Já
dá para ver que Jair Bolsonaro é um antiestadista
Em vez de dar a linha do governo,
presidente formou ministério que é um monstro de muitas cabeças
Ângela Alonso, Folha de S. Paulo
A
“nova política” fez aniversário de um mês. Nasceu entre promessas de renovação.
A tenra idade desaconselha vaticínios, mas a recém-nascida já exibe sua personalidade:
é do tipo que não deixa
ninguém dormir.
Seus
primeiros 30 dias foram uma eternidade para os adultos na sala: declarações
estrambóticas de ministros despreparados, liberação de posse de armas, suspeita
de vínculo dos Bolsonaro com milícias, a cirurgia do presidente e as manguinhas
de fora do vice.
O
destino do bebê é incógnito, mas nem precisa de quiromancia para ver que nasceu
sem a linha do estadista.
Muitos
os chamados, poucos os escolhidos, diz o livro sagrado. Muitos podem chegar ao
governo, poucos são aptos para conduzir um país.
O
estadista é da classe rara dos bem preparados. Não cai do céu, surge na grande
escola dos partidos, do convívio com os experientes, batiza-se no fogo das
crises. Domina, na definição do Houaiss, a “arte de governar”, exerce a
“liderança política com sabedoria e sem limitações partidárias”.
No livro de Nabuco que
leva a palavra no título, estadista é “o intérprete do interesse nacional”.

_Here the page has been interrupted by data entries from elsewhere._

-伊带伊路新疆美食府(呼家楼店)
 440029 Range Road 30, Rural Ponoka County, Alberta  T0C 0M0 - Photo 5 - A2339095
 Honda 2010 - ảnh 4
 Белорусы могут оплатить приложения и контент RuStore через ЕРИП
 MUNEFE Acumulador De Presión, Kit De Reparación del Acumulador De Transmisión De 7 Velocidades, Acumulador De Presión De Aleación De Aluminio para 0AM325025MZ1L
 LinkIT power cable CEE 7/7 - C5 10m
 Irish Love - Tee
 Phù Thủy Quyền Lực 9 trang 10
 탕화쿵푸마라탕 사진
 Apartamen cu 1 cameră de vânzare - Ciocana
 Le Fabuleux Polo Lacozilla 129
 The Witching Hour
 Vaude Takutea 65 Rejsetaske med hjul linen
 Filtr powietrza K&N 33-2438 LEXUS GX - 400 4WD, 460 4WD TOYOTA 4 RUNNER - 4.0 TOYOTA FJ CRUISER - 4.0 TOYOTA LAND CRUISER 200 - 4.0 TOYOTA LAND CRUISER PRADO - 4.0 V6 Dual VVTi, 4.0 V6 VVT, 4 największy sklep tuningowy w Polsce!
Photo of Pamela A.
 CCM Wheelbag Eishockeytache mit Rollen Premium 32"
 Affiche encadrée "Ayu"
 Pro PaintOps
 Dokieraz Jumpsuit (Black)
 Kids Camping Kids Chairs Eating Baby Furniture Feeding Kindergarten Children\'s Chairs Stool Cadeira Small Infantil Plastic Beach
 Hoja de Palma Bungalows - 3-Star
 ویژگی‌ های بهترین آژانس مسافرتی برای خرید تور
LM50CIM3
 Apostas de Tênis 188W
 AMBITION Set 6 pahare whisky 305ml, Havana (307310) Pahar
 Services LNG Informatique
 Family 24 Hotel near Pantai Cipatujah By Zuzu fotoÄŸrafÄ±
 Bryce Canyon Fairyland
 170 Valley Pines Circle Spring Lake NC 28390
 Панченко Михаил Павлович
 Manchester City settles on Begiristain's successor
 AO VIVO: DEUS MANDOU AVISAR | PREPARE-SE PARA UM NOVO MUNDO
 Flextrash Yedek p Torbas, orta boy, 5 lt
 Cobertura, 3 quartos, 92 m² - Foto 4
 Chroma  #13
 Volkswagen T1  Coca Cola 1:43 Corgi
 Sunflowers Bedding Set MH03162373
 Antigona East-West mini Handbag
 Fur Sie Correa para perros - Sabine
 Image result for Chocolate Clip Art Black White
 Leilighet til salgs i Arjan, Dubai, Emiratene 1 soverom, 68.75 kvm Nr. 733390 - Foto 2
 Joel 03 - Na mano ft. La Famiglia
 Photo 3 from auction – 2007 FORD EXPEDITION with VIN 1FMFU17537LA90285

Seus perfis de homens de Estado do Império mostram que esta interpretação não é
unívoca nem aponta sempre no sentido da mudança: o “interesse nacional”
consiste muitas vezes em barrá-la. A simples defesa de reformas não produz,
pois, o estadista.
Nem
na definição do dicionarista nem na nabuquiana cabe Bolsonaro. Sua arte é a do
combate. Vale-se das táticas de guerra informacional para deslegitimar
oponentes e da imagem de homem
comum para produzir uma liderança projetiva —“ele é um de nós”.
Seus canhões da batalha eleitoral (“Brasil acima de tudo”, a arminha com as
mãos) em nada ajudam a ourivesaria da governança.
No
dia a dia da gestão, governar nada tem de espetaculoso. Consiste em milhares de
microdecisões que beneficiam uns em detrimento de outros, dão prestígio de um
lado e queimam o filme de outro. Por isso, o estadista ouve, negocia, mapeia
consequências antes de agir. Assume riscos calculados. E delega tarefas, nunca
responsabilidades.
Bolsonaro
é um antiestadista. Em vez de dar a linha do governo, formou um ministério que
é um monstro de muitas cabeças, sem uma dominante. Os espinheiros da estreia,
transferiu-os a Guedes, a Moro ou a Deus. Nenhum dos três foi eleito.
Também
lhe falta grandeza no trato de adversários. Foi irresponsável ao postar “grande
dia” quando um deputado se exilou por carência de garantias para exercício do
mandato. Faltou-lhe a nobreza de defender um direito constitucional e honrar um
dever cristão, quando seu antagonista preso foi impedido de se despedir do
irmão.
O
cerne de antiestadista se escancarou na Suíça, onde debutou como presidente de
fato, exposto a líderes tarimbados e à mídia internacional. Davos, como a ONU,
é palco majestático para o bom político. Ali se erigem reputações. Por isso,
capricha-se no discurso, cada palavra calculada.
Mas
é também um cadafalso. Nele caiu Bolsonaro, ao tropeçar no conteúdo, na
política miúda dos saguões e até no cronômetro, confundindo o fórum econômico com
o Twitter.
Na
falta de estadista no governo, o entorno pode exercer o poder de fato. O
general-vice o percebeu. Também pode ser a hora magna de as eminências do
Legislativo darem o rumo nos assuntos de Estado.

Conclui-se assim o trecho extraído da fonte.